Chuji also criticized human rights organizations for not including indigenous groups in networks they have formed to monitor the effects of Plan Colombia. This was corrected in April with the formation of an Observatory of the Implementation of Plan Colombia on the Borders, which includes both human rights groups and local organizations from communities along the border.
“They asked FOKISE to take responsibility for the people who have been displaced, but no one has told us how to do it or with what resources,’ said Chuji, who traveled to the affected communities to accompany the last indigenous people who fled the zone. “They haven’t taken us into account at all and now they want us to take care of our people.”
Defense Minister Hugo Unda, who admitted that Plan Colombia will have repercussions in Ecuador, said that the price of these consequences “must be paid by everyone, because we’re all responsible for the fact that Ecuador isn’t developing.” He also said the problem is a social, rather than military, one.
President Gustavo Noboa announced that he plans to name governors with military experience to provinces along the Colombian border. He appointed Agustín Alejandro Luna, a colonel not on active duty, governor of Orellana, which neighbors Sucumbíos and has also been affected by the conflict in Colombia.

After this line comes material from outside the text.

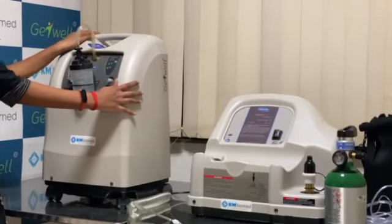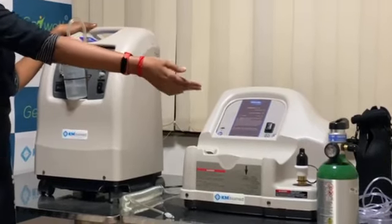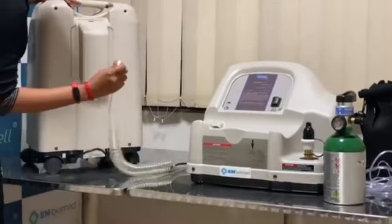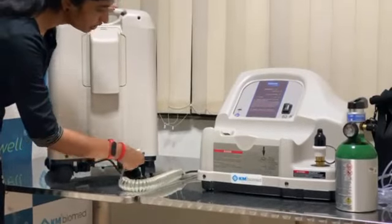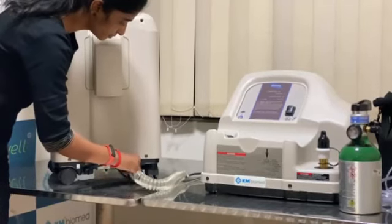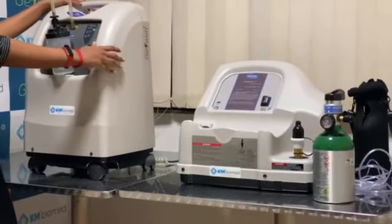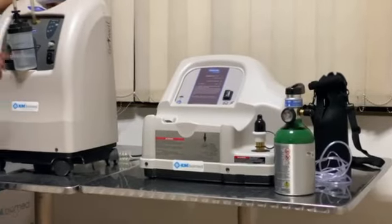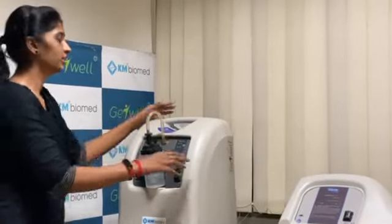Today I am going to talk about how to fill oxygen into this home fill system and how to fill it to the cylinder. To do that, we need to connect this coil to the port. We have an outlet and there is a compatible inlet. Once we connect it, the oxygen will be transferred through this coil to the system. The patient can also inhale oxygen simultaneously while we fill the cylinder at the same time.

Meanwhile, the indigenous people who were displaced in January are receiving assistance from FOKISE and the International Red Cross. Several indigenous communities associated with FOKISE have offered the displaced people some of their lands, but military officials are asking them to return home, assuring them that they will be protected. The people who fled, however, are reluctant. “The soldiers arrive in town and then return to their camps. They never even go to our communities,” said José Huatoca, president of the community of Curiyacu.